The problem
Once the line with "那兒，曾經(jīng)是一片綠洲_小學(xué)生作文:五年級" is found in the entries below, repeat it and each following line exactly, up to and including the line with "Megaloceros giganteus 3D Model". Add no other lines.

Data for this exercise: Begin

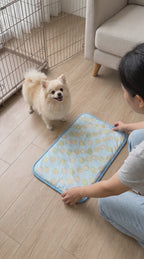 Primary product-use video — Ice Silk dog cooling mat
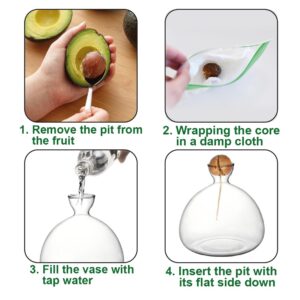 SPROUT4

Data for this exercise: End
Data for this exercise: Begin

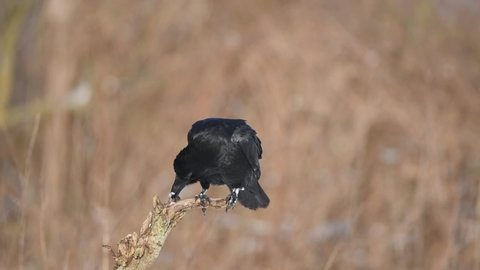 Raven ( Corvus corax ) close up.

Data for this exercise: End
Data for this exercise: Begin

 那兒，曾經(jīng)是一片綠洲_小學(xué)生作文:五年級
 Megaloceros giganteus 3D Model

Data for this exercise: End

Written response
 那兒，曾經(jīng)是一片綠洲_小學(xué)生作文:五年級
 Megaloceros giganteus 3D Model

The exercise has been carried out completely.